The rapid advancement and integration of artificial intelligence (AI) within various sectors could play a crucial role in reducing inflation and potentially lead to more aggressive rate cuts by the Federal Reserve, according to a recent report by Coinbase research analysts David Duong and David Han.
The analysts highlight that many crypto projects are increasingly intertwined with AI, which has boosted competition for processing chips.
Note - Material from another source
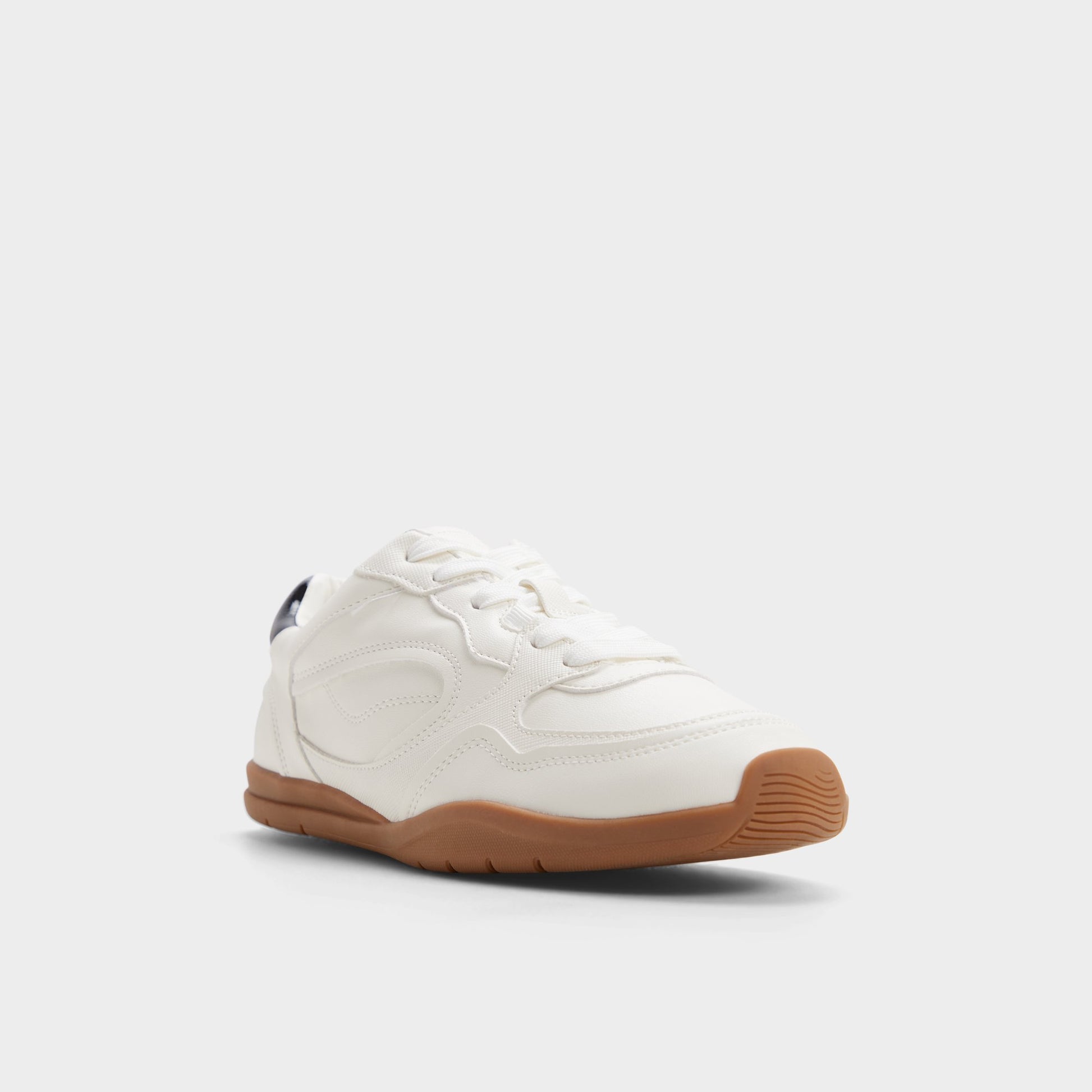 Three-quarter angle of White Jendaya 's front side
However, they foresee AI and technology-driven efficiency gains affecting the cryptocurrency market in a more indirect manner — by reducing inflation.
“We believe that the disinflationary impacts of artificial intelligence and technology-driven efficiency gains will continue to push this trend of moderating inflation throughout this year,” Duong and Han stated in their report released on Friday.
The report further elaborates that these AI-driven efficiencies, coupled with growing political pressure for monetary easing in the U.S., could support the case for earlier and more aggressive rate cuts than those currently indicated by the Federal Reserve.
“When rate cuts begin, we think that will be a constructive catalyst for both equities and crypto as it could lead to capital outflows from money market funds, currently holding $6.4 trillion, into other asset classes,” the analysts noted.
Following the FOMC – Federal Open Market Committee meeting on Wednesday, interest rate traders are anticipating a potential rate cut as early as September this year. Coinbase analysts support this forecast, suggesting an additional rate cut might occur in November due to the persistent disinflationary trend, despite concerns over shelter costs.